The Lancaster test cluster runs using torque, interfacing with a DPM SE, so other batch/storage combinations are not as well tested.

Glexec support is also on the roadmap, and the tarball is available in cvmfs (although the version in cvmfs lags the main version by a couple of days).

The EMI2 SL5 version of the tarball has passed staged rollout and is officially "production ready".

Format

Similar to the gLite tarball, the EMI2 tarball is split into two parts: the core EM2 components drawn from epel and the EMI2 repos, and the additional dependencies for these components drawn from the OS repos. These are kept separate so that sites that can install the OS components on their machines (rather then have the tarball provide them) can do so.

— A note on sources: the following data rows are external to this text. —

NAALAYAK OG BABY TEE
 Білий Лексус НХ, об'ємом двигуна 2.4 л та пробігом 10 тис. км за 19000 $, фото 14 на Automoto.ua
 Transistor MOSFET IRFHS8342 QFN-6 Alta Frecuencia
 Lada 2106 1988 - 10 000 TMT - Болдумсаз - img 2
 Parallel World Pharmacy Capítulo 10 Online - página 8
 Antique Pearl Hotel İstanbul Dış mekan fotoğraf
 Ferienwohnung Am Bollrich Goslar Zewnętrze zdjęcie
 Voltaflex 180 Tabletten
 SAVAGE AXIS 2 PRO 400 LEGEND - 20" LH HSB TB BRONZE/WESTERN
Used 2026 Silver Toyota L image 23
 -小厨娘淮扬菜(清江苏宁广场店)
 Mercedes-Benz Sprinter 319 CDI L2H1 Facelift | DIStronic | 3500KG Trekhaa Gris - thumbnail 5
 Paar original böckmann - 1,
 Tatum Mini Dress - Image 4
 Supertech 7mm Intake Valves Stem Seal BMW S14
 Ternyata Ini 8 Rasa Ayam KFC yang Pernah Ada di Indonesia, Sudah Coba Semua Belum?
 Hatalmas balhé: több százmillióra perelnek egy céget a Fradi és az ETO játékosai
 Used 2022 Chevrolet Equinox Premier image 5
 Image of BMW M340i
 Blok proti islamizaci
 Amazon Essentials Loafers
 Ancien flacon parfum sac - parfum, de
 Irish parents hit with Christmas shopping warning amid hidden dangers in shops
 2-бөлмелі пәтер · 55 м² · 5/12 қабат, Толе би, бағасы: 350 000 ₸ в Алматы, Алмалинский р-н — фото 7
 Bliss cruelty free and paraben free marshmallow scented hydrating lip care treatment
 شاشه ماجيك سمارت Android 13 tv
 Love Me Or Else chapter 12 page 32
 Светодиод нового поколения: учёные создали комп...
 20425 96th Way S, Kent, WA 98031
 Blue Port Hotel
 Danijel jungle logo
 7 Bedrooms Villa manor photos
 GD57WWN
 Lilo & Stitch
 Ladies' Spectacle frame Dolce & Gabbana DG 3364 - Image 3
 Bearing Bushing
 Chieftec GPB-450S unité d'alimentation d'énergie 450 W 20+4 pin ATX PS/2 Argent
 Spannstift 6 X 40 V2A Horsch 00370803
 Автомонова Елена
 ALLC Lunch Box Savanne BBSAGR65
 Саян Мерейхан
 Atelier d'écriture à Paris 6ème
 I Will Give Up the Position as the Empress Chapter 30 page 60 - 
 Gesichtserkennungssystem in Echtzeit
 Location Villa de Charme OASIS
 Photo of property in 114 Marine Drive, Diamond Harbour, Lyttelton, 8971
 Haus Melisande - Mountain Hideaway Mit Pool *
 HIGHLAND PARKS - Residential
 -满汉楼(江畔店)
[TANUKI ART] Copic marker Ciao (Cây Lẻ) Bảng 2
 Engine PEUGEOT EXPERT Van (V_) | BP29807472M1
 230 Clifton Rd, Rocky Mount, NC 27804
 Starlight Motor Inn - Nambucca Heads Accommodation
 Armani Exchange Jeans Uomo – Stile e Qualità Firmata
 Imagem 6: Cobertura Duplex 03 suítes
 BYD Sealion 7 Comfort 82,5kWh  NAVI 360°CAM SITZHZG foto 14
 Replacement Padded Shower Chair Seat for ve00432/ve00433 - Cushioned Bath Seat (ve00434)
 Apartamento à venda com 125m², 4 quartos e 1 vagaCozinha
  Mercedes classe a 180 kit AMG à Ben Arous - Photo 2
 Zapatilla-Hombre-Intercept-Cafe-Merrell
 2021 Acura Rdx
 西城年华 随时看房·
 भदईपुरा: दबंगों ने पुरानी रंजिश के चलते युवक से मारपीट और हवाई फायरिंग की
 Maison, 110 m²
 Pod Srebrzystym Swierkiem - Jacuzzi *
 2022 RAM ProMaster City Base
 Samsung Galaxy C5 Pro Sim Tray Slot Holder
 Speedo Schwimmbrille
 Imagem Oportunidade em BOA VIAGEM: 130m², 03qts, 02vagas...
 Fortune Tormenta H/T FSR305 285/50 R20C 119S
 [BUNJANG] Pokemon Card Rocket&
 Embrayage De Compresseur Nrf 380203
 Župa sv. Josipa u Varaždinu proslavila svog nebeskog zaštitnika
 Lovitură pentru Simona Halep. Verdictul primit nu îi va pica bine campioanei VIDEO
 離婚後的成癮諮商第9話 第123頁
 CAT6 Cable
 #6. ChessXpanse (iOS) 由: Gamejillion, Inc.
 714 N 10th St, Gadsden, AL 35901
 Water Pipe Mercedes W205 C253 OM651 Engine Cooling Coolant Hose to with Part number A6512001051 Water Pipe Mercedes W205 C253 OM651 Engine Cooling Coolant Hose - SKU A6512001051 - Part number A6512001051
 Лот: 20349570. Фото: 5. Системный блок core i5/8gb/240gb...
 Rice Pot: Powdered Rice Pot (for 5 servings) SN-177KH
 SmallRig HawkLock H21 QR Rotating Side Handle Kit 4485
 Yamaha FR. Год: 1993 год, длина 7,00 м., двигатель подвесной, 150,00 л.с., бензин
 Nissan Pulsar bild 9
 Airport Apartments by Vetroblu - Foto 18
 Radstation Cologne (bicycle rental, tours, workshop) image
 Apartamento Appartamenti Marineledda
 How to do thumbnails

In essence the tarballs are unpacked rpms with a few additional steps taken to ensure that they work in a relocatable format.

OS tarball production

The "os" tarball is produced using the dependency list generated on an SL5 machine installed using a minimal install, with the only other package installed being yum-utils. Lighter workernode installations (or other distros) might need additional packages installed, or a custom tarball built (once the tools are available, more on this later), but we hope to have mader this tarball as universal as possible. In addition to these rpms a small handful have been added by hand, to maintain coherency with the gLite tarball. Additional packages to be included or distros to be supported will depend in part on user feedback.

Tarball toolkit

Eventually we aim to release a DIY toolkit, allowing users to produce their own tarball. The general plan will be for users to run the build script on an example workernode, ensuring that nothing is missed. This would also be a possible solution for sites running an odd distro. However our current efforts are focused on releasing production ready tarballs.

Tarball download and setup

Downloads

The official place to get either the production or test releases of the UI and WN tarballs is the EGI repository:</br> http://repository.egi.eu/mirrors/EMI/tarball/

(currently only the SL5 version of the EMI2 emi-wn tarball has passed staged rollout, so the production branch is a little empty)

There is also a scripts directory containing environment setup example (current version is v7).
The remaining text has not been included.